6.　种子中原花青素动态含量变化趋势为：花后一周→浆果膨大期→浆果转色期，含量迅速上升并在转色期达到最大值；浆果转色期→浆果成熟期，含量迅速下降。成熟期含量最高的种质资源为：4N1,4N2，燕山。

7.　果皮中原花青素动态含量变化趋势为：花后一周→浆果膨大期，含量很低，缓慢上升；浆果膨大期→浆果转色期，含量迅速升高；浆果转色期→浆果成熟期，含量急剧上升，并达到顶峰。浆果成熟期含量最高的种质资源为：086034,8558814,8558831。

8.　山葡萄成熟果实果皮中原花青素含量高于种子，且差异性极为显著，与欧亚种酿酒葡萄相比具有明显的种间差异性。

关键词　山葡萄　原花青素　黄烷-3-醇　提取　降解　动态含量变化

Abstract

By studying conditions of extraction of proanthocyanidins from the vitis grape seeds after fermentation，the process of separations was optimized.
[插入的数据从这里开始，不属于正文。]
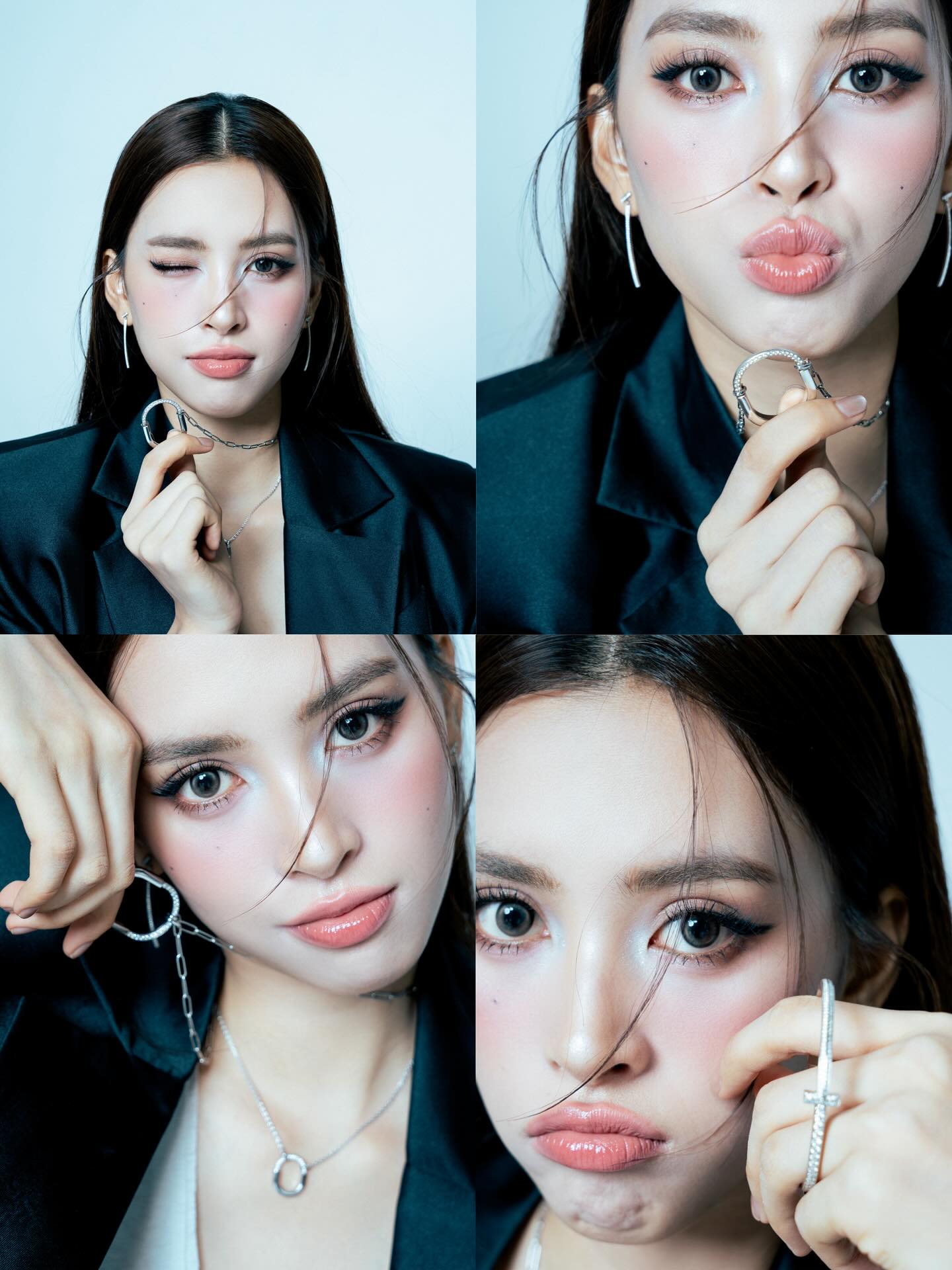 Trang sức Tiffany & Co. và nghi vấn hợp tác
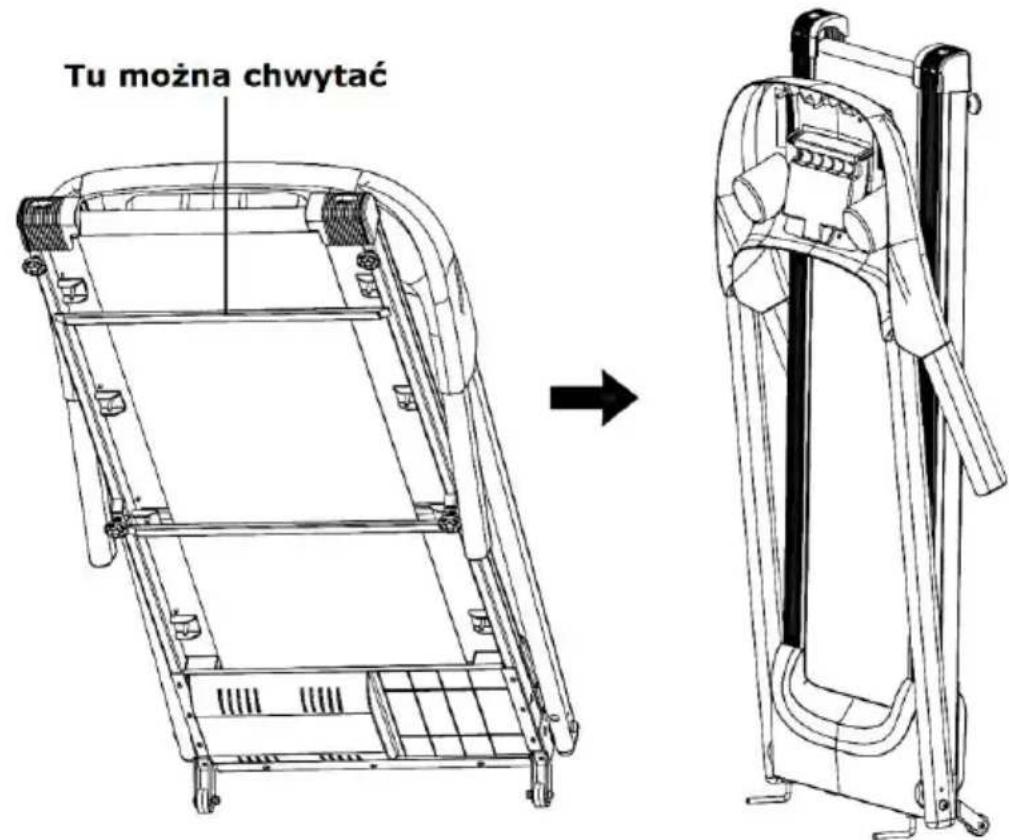 Tu można chwytać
The changes on the concentration of proanthocyanidins in leaves,barka and fruita was studied based on forty vitis amurensis germplasm resource with different developmental stages，the variation of proanthocyanidins with various organs and various grapes species. The preliminary conclusions as followed：

1.　The extraction of flvan-3-ols process was determined：mobile phase ratio was A:1% acetic acid ;B:80% acetonitrile,1% acetic acid,0min→5min→15min→25min→30min→35min，the mobile phase gradient of the corresponding to 95%→70%→50%→40%→95%→95%.

2.　The optimum condition of the proanthocyanidins extraction were determined：temperature 60℃，concentration of alcohol 70%，extraction time 120min，rate of solution to solid 5:1.Ratio of extraction was 3.12%.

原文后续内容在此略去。